Like most children of that time, Peirats began working at the age of nine and at fourteen he joined the CNT union in which his uncle Nelo Vicente and his cousin were already activists. The family’s inheritance was first the libertarian influence on Peirats to be followed by his attendance at the “Ateneo” rationalist Sants and interactions with workers in his neighborhood. Peirats’ ideological and militant training took place in the Barcelona of the 1910s and 1920s, i.e, in the Barcelona of “pistolerismo,” a city where working mobilization and class struggle were especially tense and violent. This strong social conflict marked, without any doubt, the spirit of the young Peirats. But he had to wait until 1930 to become an anarcho-syndicalist militant activist. As from 1931, his activity within the FAI (“Federación Ibérica Anarquista”) and the “Ateneo” rationalist in his neighborhood of La Torrasa was very intense.

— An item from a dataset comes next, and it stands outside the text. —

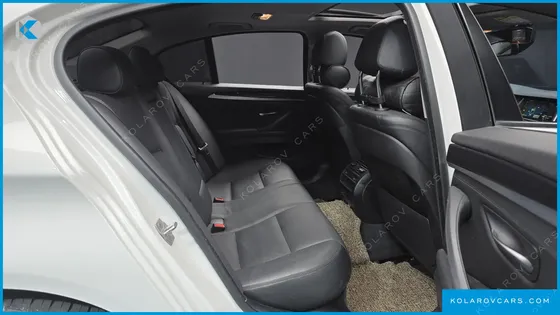 BMW 5 SERIES 520D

His commitment was quickly recognized and he soon took on the responsibilities of the Secretary of the Barcelona Federation, the FAI and was invited to collaborate in the libertarian press (Solidaridad Obrera, Tierra y Libertad, La Revista Blanca, etc.).

During the Civil War (1936–1939), Peirats fought at the front against Franco and participated in the revolution at the back of the Republican Guard. After the failure of the war, he left for a long exile that took him to several Latin American countries before he settled in France in 1947. His libertarian activism continued within the strong Spanish anarchist community in exile. In France, he was elected on two occasions as secretary general of the CNT. During his terms, he tried to fight against bureaucracy and against the illegal financing system of the Spanish libertarian movement. That was extremely difficult, if not impossible, and clashes with the “apparatchiks” Spanish anarchists, especially Federica Montseny and Germinal Esgleas, were especially hard. These tensions were so strong that José Peirats suffered from the purges of Montseny and Esgleas. He was thus expelled from the CNT in 1965. This did not end Peirats’ anarchist activism. Until the end of his days, he continued to write and collaborate in various projects to spread his libertarian ideal.

The work of Chris Ealham is comprehensive, detailed and informative. There are two aspects of this biography which are particularly interesting and original. First is the fact of realizing the course of an important figure of the libertarian movement, a matter which comes not only from his long militancy on the field, but also of his writings on the history of anarchism and in particular his unavoidable history of the CNT a story of the Spanish revolution written by an anarchist militant worker, which was a novelty in a historiography dominated by official speeches...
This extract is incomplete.